Injecting lineage and attributes into Microsoft Purview
Introduction
“How do I easily find the data I’m looking for?”
“How do I know the data comes from a reliable source?”
These are common questions we hear from data consumers, particularly more so as the organisation starts to scale it’s data platform with numerous data sources and data producers. Identifying the right datasets across numerous data stores or a heap of catalog search results can be a challenging and time consuming process. Enriching these consumption-worthy assets with additional business and technical metadata will form part of the solution. This blog describes and demonstrates how to easily add lineage and attributes in order to improve the data consumer’s experience.
Current capabilities…
Automatic lineage collection in Microsoft Purview is currently only supported by certain ADF activities and Synapse activities. No doubt this will expand over time, however you may wish to capture lineage from other engines such as Synapse Spark or Databricks. Whilst there is a Spark based lineage collector, as well as the Azure Databricks to Purview Lineage Connector based on Open Lineage, you can alternatively inject your own lineage programmatically — for every transformation or process which creates a new dataset there will need to be some additional code run in order to create the relationship or linkage between inputs and outputs. This solution requires data producers to become diligent about adapting their current and future (ETL) processes to “publish” this critical metadata to Purview, and this post aims to demonstrate one of the ways this can be achieved.

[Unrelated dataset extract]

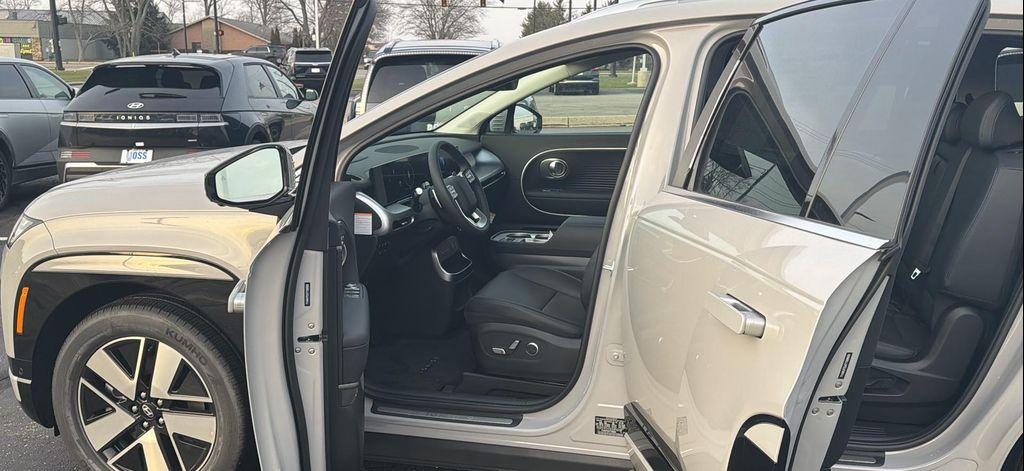 new 2026 Hyundai IONIQ 9 car, priced at $69,321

Classifications are good way of describing technical metadata but often consumers need the business understanding/metadata to compliment this, in which case, you may wish to assign attributes or tags to the data. The workflow engine in Microsoft Purview may very well evolve to automate this in the future but for the time being it will have to be a manual applied or a scripted process depending on the business rules/logic.
This blog post will show you how to inject both of these metadata elements into your Purview catalog, also known as the Purview Data Map. The full source code for this walkthrough can be found in this Github repository which includes notebooks with markdown comments, but for the remainder of this post we’ll go into a bit more detail. It assumes you have some understanding of Python and how to interact with the Purview using SDKs/APIs, which includes the prerequisites such as creating a service principal and assigning necessary roles.
Provenance and Process
To inject lineage between datasets which reside in ADLS (data lake) for example, we will use the superb Pyapacheatlas package by Will Johnson. Adapted from one of the sample notebooks in his repository, the notebook used in this blog can be found here. Ideally perform a git clone on the link to the repo above in order to download both notebooks used in this post.
To run the code, we’ll use Python in Synapse Spark, as this might be a common point of entry where data producers/engineers might run their data transformations and will know the inputs and output datasets to their process(es).
When using Python distributions bundled in Apache Spark one typically needs to attach the libraries either to the cluster or the session otherwise this happens….
There are a number of ways to manage Python libraries in Synapse Spark however a simple approach is to create a requirements file…
and upload it to the spark pool…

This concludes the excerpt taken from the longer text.